- [DATA FOR THE TASK]
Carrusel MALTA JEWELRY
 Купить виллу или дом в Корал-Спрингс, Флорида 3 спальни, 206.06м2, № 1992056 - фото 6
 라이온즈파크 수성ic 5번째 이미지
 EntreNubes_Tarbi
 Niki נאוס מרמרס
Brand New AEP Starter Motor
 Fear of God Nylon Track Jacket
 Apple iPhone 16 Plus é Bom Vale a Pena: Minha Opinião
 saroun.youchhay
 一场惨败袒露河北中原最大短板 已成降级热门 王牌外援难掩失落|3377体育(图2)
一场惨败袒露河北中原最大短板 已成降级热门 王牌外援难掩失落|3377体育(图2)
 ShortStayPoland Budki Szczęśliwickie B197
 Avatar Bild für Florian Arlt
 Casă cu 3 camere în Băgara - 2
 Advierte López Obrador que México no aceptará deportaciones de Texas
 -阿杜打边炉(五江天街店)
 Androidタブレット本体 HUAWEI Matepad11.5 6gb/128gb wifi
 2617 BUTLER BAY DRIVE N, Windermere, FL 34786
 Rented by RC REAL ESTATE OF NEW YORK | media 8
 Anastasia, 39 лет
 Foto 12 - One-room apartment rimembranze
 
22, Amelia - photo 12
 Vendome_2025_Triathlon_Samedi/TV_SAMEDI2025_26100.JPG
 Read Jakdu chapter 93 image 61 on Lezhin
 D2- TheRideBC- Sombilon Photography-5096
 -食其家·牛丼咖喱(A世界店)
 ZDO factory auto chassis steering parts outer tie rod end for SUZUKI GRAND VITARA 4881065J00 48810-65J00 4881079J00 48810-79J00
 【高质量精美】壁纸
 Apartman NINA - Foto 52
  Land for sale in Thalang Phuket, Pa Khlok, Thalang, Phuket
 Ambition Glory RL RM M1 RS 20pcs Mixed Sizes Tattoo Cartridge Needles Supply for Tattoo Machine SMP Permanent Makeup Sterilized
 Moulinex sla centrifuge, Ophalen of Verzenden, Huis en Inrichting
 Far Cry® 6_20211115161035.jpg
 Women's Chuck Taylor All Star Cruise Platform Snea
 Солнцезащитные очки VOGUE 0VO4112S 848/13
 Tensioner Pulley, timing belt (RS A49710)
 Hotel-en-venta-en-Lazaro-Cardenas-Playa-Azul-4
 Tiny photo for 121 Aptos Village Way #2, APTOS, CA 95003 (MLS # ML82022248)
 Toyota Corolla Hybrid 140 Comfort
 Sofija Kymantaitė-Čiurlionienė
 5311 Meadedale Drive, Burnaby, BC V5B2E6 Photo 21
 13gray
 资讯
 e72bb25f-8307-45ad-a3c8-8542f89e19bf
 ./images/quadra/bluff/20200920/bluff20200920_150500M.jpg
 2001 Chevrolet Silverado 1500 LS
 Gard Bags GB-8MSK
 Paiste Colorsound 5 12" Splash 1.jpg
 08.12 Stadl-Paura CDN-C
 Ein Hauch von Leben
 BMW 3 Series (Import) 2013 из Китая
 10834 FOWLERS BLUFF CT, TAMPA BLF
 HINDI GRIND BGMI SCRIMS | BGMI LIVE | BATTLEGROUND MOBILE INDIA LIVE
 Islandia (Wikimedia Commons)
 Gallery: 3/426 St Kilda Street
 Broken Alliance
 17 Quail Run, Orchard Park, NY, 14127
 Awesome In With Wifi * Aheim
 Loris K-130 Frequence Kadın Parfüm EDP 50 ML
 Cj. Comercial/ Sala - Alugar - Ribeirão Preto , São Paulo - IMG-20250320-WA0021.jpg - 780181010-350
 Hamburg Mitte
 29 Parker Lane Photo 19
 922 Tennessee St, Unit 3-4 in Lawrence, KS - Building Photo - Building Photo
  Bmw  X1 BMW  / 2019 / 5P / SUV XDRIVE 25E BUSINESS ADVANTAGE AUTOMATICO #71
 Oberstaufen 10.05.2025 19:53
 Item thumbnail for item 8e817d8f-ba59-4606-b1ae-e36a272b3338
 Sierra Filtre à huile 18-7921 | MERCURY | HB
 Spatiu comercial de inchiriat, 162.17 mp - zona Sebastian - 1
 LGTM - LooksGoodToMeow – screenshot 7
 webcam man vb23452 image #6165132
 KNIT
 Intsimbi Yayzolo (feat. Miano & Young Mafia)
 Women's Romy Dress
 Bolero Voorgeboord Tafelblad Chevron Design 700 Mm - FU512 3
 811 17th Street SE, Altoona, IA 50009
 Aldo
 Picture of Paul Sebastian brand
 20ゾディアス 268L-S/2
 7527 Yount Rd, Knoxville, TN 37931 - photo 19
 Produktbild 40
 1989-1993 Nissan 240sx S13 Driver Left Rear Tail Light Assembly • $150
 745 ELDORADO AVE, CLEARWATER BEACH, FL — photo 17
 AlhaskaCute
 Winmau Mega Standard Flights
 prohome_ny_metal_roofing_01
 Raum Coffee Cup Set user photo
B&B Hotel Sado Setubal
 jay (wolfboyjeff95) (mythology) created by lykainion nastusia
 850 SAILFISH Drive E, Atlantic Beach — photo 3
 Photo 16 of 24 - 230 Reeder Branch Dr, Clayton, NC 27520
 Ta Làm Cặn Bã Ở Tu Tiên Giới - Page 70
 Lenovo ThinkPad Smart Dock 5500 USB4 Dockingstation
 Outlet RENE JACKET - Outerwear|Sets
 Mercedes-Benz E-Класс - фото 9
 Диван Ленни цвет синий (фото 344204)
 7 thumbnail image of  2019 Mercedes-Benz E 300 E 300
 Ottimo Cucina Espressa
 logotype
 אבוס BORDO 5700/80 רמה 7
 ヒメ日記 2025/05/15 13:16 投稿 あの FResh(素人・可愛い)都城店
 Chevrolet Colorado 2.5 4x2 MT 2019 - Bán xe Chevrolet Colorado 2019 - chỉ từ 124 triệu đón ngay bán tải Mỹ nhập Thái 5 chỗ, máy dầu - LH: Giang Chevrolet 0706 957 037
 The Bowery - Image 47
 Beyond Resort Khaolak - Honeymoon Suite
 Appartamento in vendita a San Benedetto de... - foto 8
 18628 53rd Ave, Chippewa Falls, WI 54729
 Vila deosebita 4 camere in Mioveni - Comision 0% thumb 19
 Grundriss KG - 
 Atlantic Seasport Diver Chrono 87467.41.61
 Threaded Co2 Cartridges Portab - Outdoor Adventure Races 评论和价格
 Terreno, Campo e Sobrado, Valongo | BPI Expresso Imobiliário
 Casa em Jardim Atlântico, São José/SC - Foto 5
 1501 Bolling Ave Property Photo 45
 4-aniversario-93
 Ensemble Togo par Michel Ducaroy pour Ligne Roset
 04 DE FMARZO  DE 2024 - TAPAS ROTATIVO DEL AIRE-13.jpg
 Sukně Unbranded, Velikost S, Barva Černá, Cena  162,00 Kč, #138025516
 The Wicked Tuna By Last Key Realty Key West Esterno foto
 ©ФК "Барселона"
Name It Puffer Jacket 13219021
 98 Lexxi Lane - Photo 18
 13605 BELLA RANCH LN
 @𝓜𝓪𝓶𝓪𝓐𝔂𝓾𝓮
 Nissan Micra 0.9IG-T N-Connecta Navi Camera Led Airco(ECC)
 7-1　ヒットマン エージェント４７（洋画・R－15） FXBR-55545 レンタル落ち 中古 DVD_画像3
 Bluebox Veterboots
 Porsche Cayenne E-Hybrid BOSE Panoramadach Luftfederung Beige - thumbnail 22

- [WORK TO COMPLETE]
Restate word for word the entries above, starting at the line with "Gard Bags GB-8MSK" and ending at the line with "Women's Romy Dress", inclusive, and no others.

- [RESULT FOR THIS TASK]
 Gard Bags GB-8MSK
 Paiste Colorsound 5 12" Splash 1.jpg
 08.12 Stadl-Paura CDN-C
 Ein Hauch von Leben
 BMW 3 Series (Import) 2013 из Китая
 10834 FOWLERS BLUFF CT, TAMPA BLF
 HINDI GRIND BGMI SCRIMS | BGMI LIVE | BATTLEGROUND MOBILE INDIA LIVE
 Islandia (Wikimedia Commons)
 Gallery: 3/426 St Kilda Street
 Broken Alliance
 17 Quail Run, Orchard Park, NY, 14127
 Awesome In With Wifi * Aheim
 Loris K-130 Frequence Kadın Parfüm EDP 50 ML
 Cj. Comercial/ Sala - Alugar - Ribeirão Preto , São Paulo - IMG-20250320-WA0021.jpg - 780181010-350
 Hamburg Mitte
 29 Parker Lane Photo 19
 922 Tennessee St, Unit 3-4 in Lawrence, KS - Building Photo - Building Photo
  Bmw  X1 BMW  / 2019 / 5P / SUV XDRIVE 25E BUSINESS ADVANTAGE AUTOMATICO #71
 Oberstaufen 10.05.2025 19:53
 Item thumbnail for item 8e817d8f-ba59-4606-b1ae-e36a272b3338
 Sierra Filtre à huile 18-7921 | MERCURY | HB
 Spatiu comercial de inchiriat, 162.17 mp - zona Sebastian - 1
 LGTM - LooksGoodToMeow – screenshot 7
 webcam man vb23452 image #6165132
 KNIT
 Intsimbi Yayzolo (feat. Miano & Young Mafia)
 Women's Romy Dress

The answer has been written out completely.